### Task instructions
Transcribe each line below verbatim; pictures excluded.

### Supplied information
• • • • •

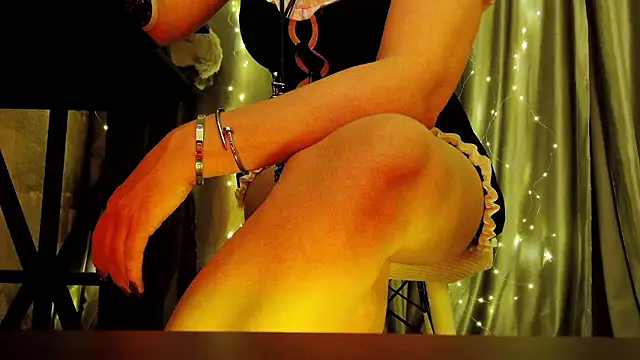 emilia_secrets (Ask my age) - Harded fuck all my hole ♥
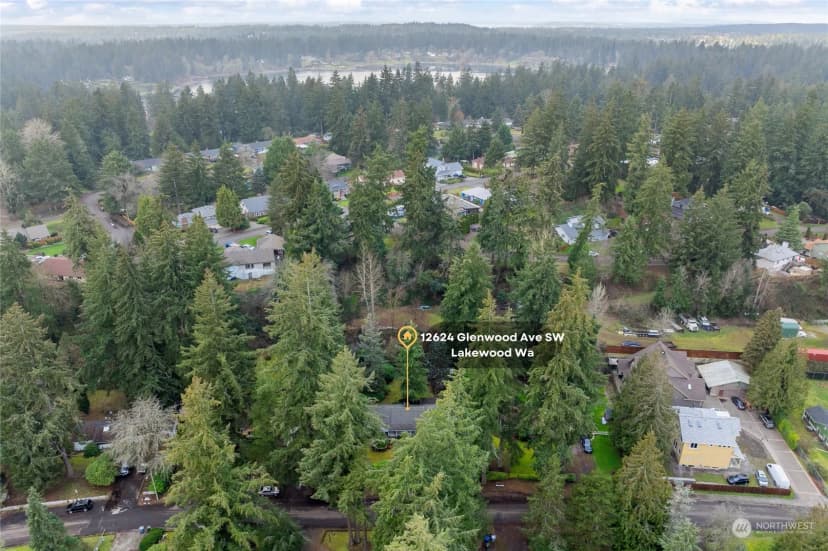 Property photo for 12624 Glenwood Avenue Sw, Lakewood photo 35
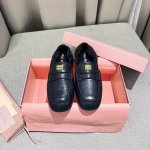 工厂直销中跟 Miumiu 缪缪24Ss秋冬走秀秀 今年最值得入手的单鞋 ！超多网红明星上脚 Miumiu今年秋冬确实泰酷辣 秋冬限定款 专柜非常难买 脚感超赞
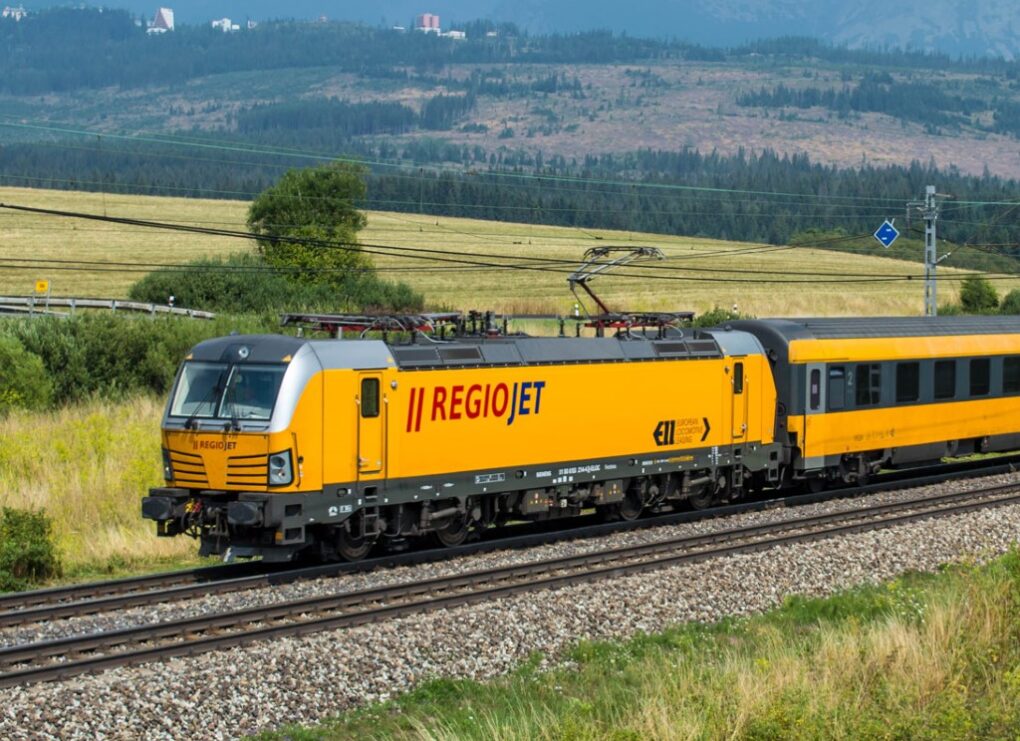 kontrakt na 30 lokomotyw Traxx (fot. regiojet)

• • • • •

### Exercise output
 emilia_secrets (Ask my age) - Harded fuck all my hole ♥
 Property photo for 12624 Glenwood Avenue Sw, Lakewood photo 35
 工厂直销中跟 Miumiu 缪缪24Ss秋冬走秀秀 今年最值得入手的单鞋 ！超多网红明星上脚 Miumiu今年秋冬确实泰酷辣 秋冬限定款 专柜非常难买 脚感超赞
 kontrakt na 30 lokomotyw Traxx (fot. regiojet)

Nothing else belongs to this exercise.